Analysis of single-well sonic measurements to determine formation TI elastic parameters has traditionally been done using deterministic models with multiple, simplistic assumptions using only vertical or horizontal wells with flat structural dip. Here a probabilistic Bayesian-type inversion method is shown, which provides a flexible solution for any wellbore orientation solving for all five TI (transversely isotropic) parameters. This inversion is guided by prior information, which may be; core tests, borehole seismic survey results, offset well data or a public database.
The approach demonstrated here uses prior information of TI elastic properties to determine a consistent model at each depth. The inversion uses all sonic slownesses, compressional, fast and slow shear, as well as Stoneley shear and density to provide a continuous output of Thomsen's parameters and anisotropic mechanical properties at each depth. The results are consistent with offset well data as well as walk-above VSP velocities obtained in the same well.
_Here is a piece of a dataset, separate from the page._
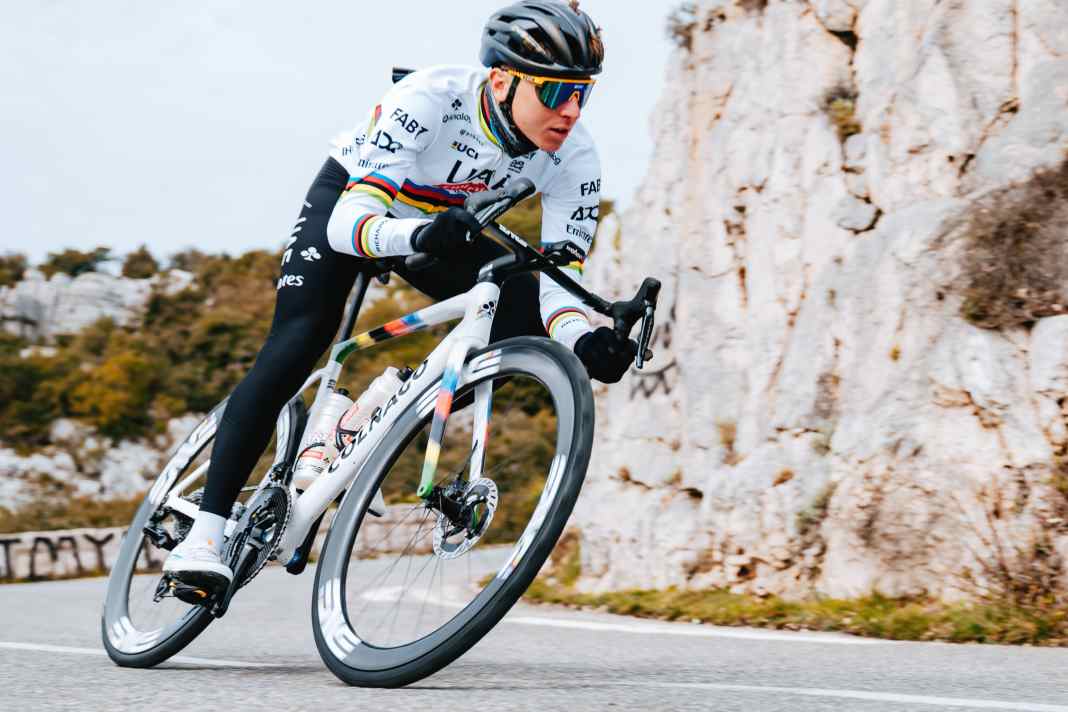 Des Weltmeisters neues Rad: Colnago präsentiert mit dem V5Rs einen neuen Race-Allrounder, der die Vormachtstellung von Tadej Pogačar weiter zementieren soll.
This technique was applied on a prominent and thick shale formation, which is present throughout UAE. Most of the wells drilled in UAE penetrate through this shale formation which is locally unstable for drilling, and is a prominent seismic reflector which directly overlies the reservoir. Accurate geomechanical characterization of this shale formation is critical as more wells are drilled at high angles with the application of full 3D finite-element modeling. Similarily the velocity models used for pre-stack depth migration (PSDM) and seismic well tie require accurate anisotropic TI parameters.
This workflow is new and applicable to any well orientation or structural dip and yields results that are consistent with offset sonic and borehole seismic measurements. Application of this method will have a profound impact on geophysical velocity and geomechanical model building methods and results.